### What you need to do
Leaving out every picture, copy the lines of the material below exactly, from the line containing "Double or Twin Room, Terrace photo 2" through the line containing "Schwarzenbach - Wellness & Hotel".
START Provided information
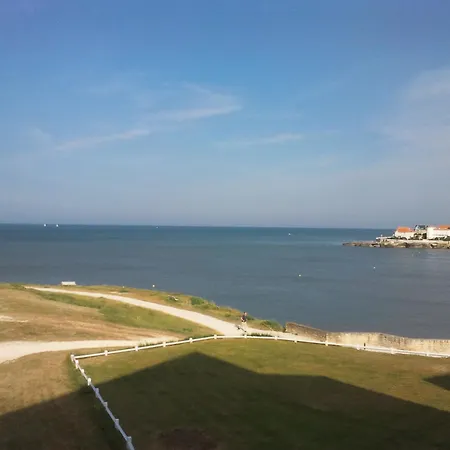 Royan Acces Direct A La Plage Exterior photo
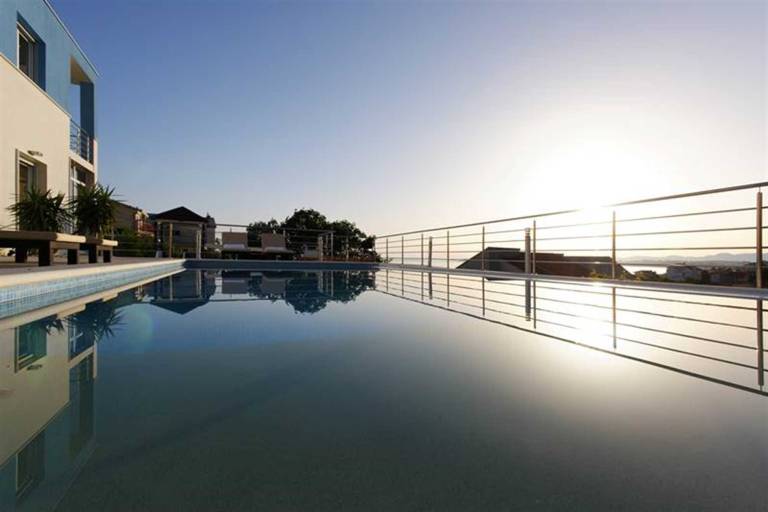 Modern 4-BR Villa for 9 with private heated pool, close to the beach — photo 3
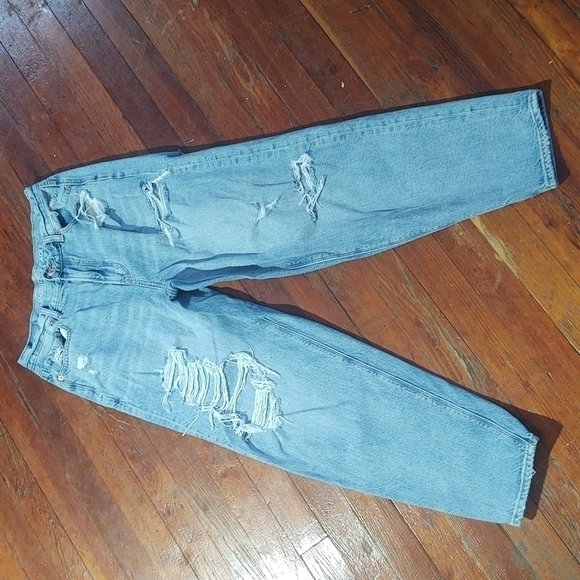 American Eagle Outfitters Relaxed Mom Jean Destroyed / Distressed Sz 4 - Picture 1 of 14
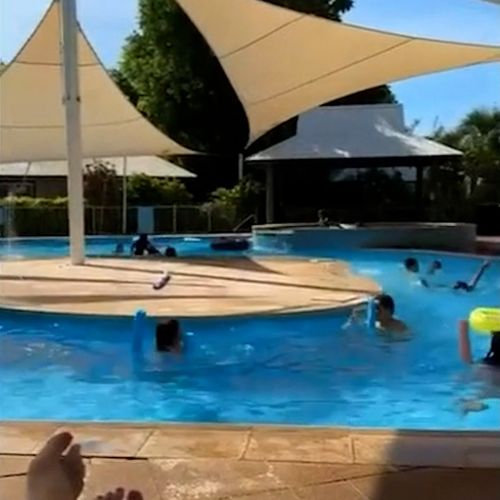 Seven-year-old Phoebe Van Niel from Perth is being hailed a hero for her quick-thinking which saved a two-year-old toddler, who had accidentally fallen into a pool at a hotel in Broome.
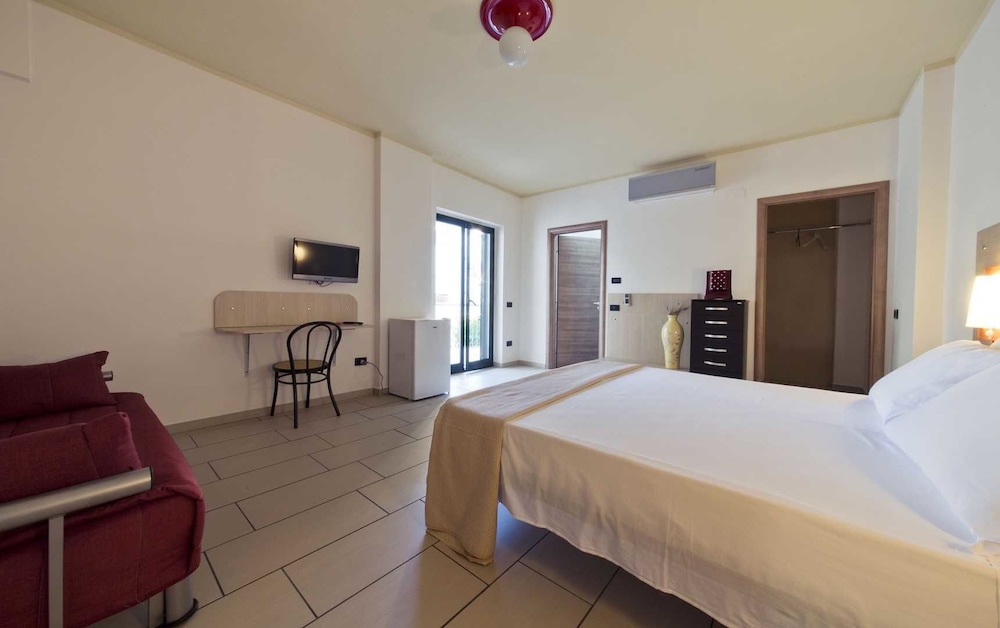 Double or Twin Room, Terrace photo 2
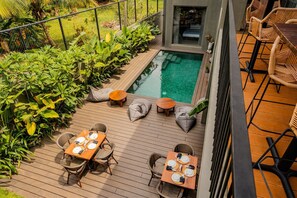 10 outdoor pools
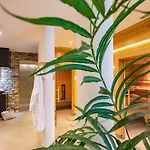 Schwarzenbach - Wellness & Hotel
END Provided information
START Provided information
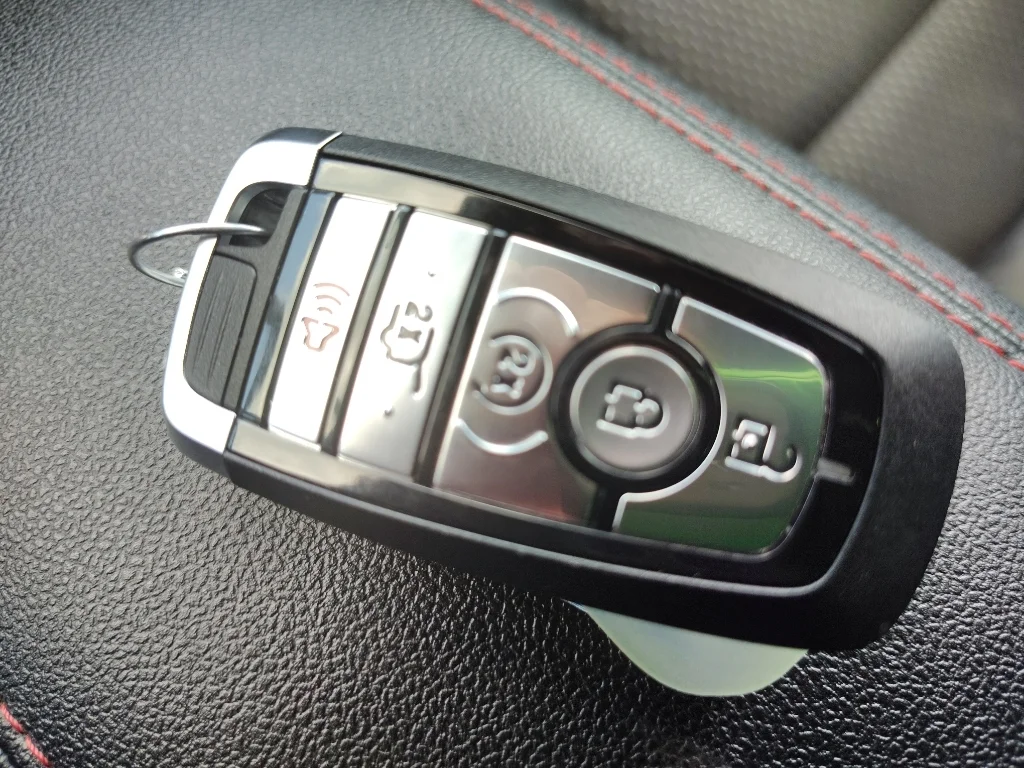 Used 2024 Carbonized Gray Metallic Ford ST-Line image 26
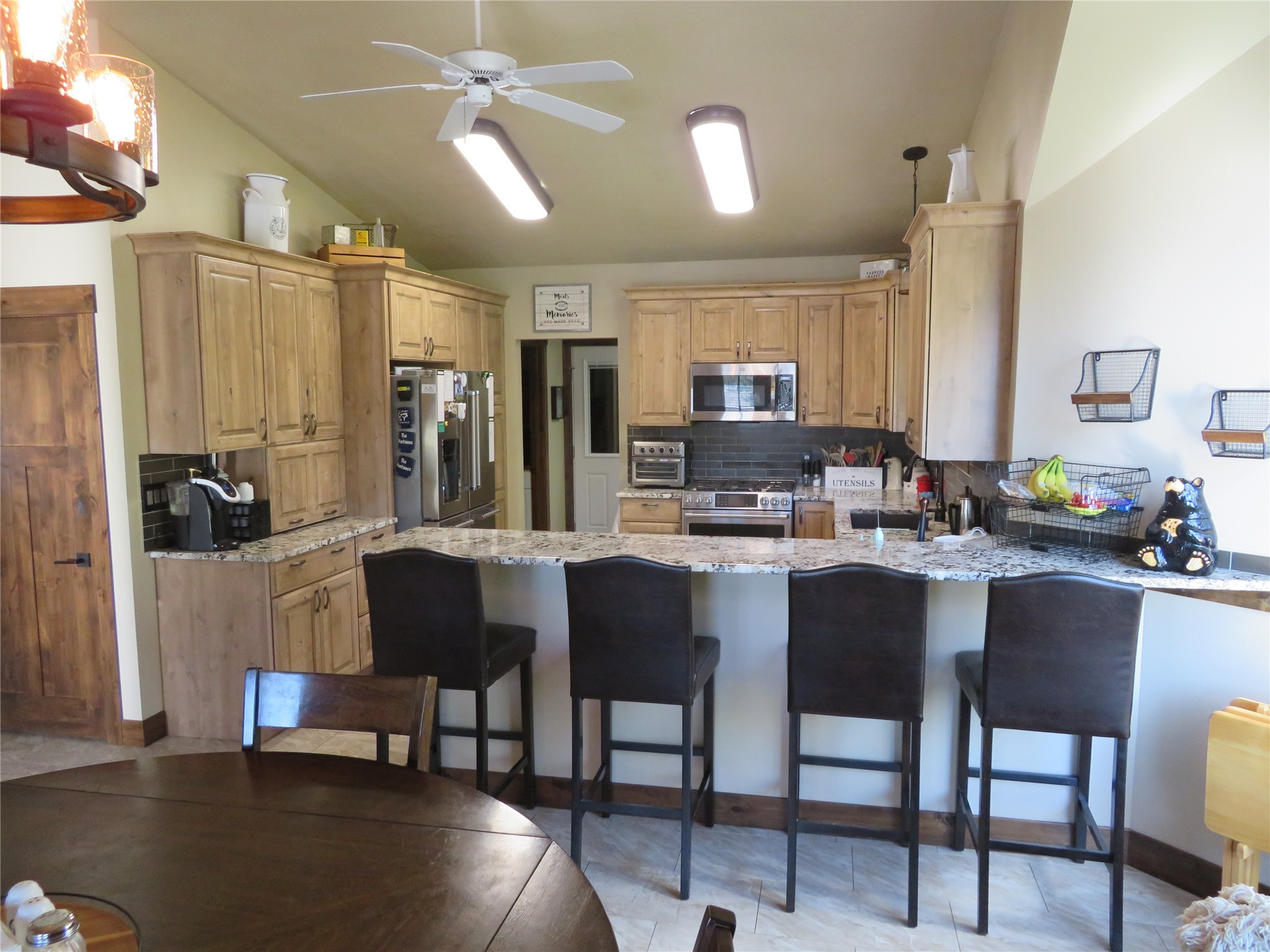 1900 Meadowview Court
END Provided information
### Exercise result
 Double or Twin Room, Terrace photo 2
 10 outdoor pools
 Schwarzenbach - Wellness & Hotel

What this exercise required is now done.